In the absence of obvious clinical manifestations, specific therapy is not required.
For inflammation, the following are prescribed:
- Expectorants;
- Mucolytics;
- Antibiotics.
Episodes of heart failure require the use of:
- Potassium preparations;
- Cardiac glycosides.
To eliminate allergic reactions, glucocorticoids are needed. In case of suppuration and destruction of lung tissue, surgical intervention is required to resect the affected area. Physical methods of conservative treatment:
- exercise therapy;
- Chest massage;
- Physiotherapy;
- Walks in the open air.
The latest innovation in the field of pulmonology is the use of stem cells in fibrotic lung diseases. Using this method, gas exchange and the structure of the respiratory organs are improved.
In advanced stages, lung transplantation is indicated to save the patient's life.
Dietary nutrition is used in treatment. The diet is aimed at accelerating repair in the lungs and reducing protein loss in sputum. High content foods shown:
- Calcium;
- Copper;
- Potassium salts;
- Vitamins A and B9.
List of sources
- Gavrisyuk V.K., Dzyublik A.Ya., Monogarova N.E. Idiopathic fibrosing alveolitis // News of medicine and pharmacy. 2008. No. 256. from 22-24.
- Interstitial lung diseases: a practical guide / Ed. ON THE. Mukhina. M.: Litterra, 2007.
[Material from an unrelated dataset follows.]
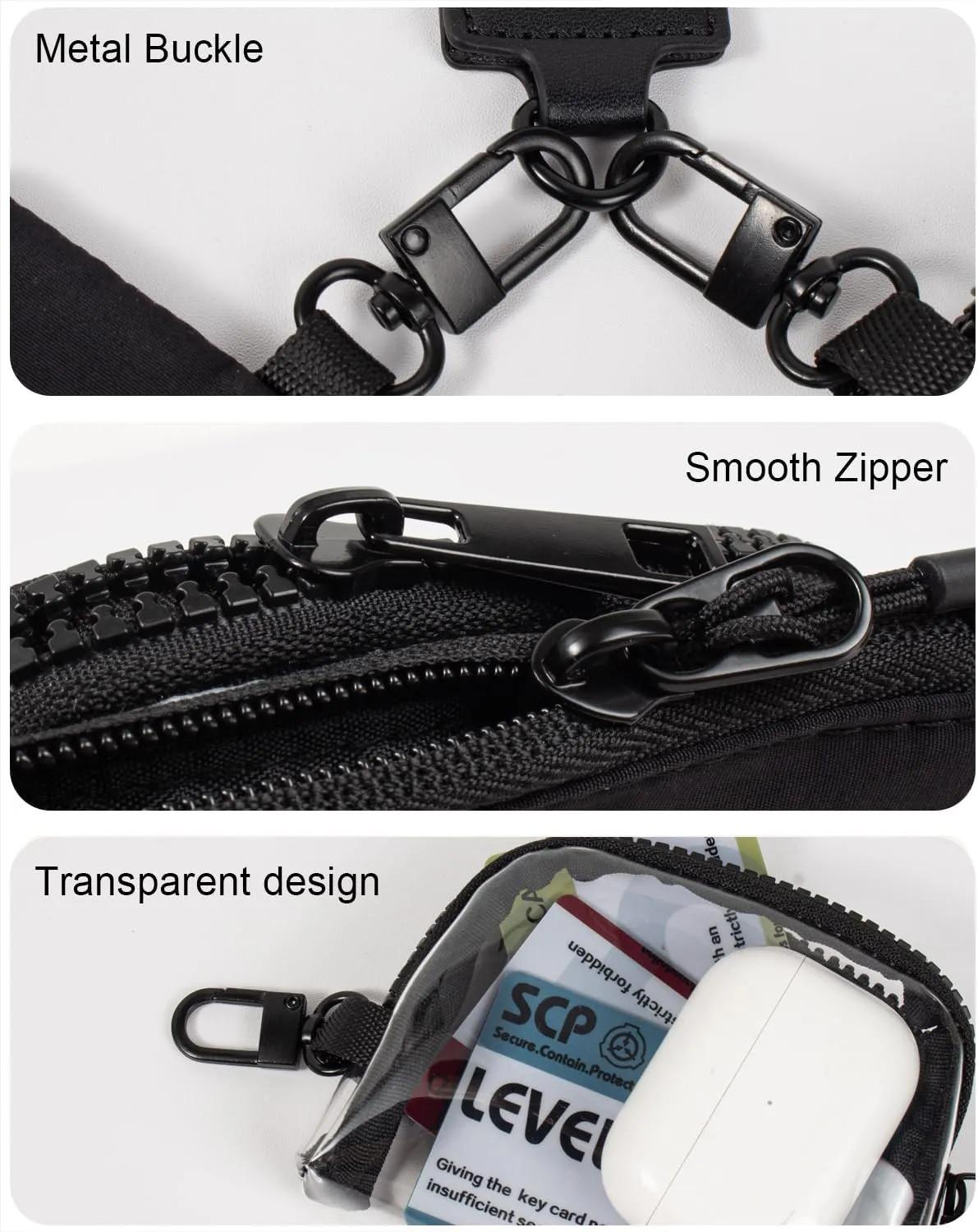 Mini Zip Keychain Wristlet Wallets Clear Dual Pouch Wristlet for AirPods Case Cover Coin Purse Pocket Preppy Cute Stuff Travel Essentials (Clear Black Black)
- Sakharchuk I.I., Ilnitsky R.I. Inflammatory diseases of the lungs and pleura. Kyiv; "Book Plus". 2006 – 295 p.
- Aisanov Z.R., Kokosov A.N., Ovcharenko S.I., Khmelkova N.G., Tsoi A.N., Chuchalin A.G., Shmelev E.I. Chronic lung diseases. Federal program. RMJ, 2001; No. 1: p. 9 – 33.
- Ivanova A. S. Fibrosing processes / A. S. Ivanova, E. A. Yuryeva, V. V. Dlin. M.: Overlay, 2008. 196 p.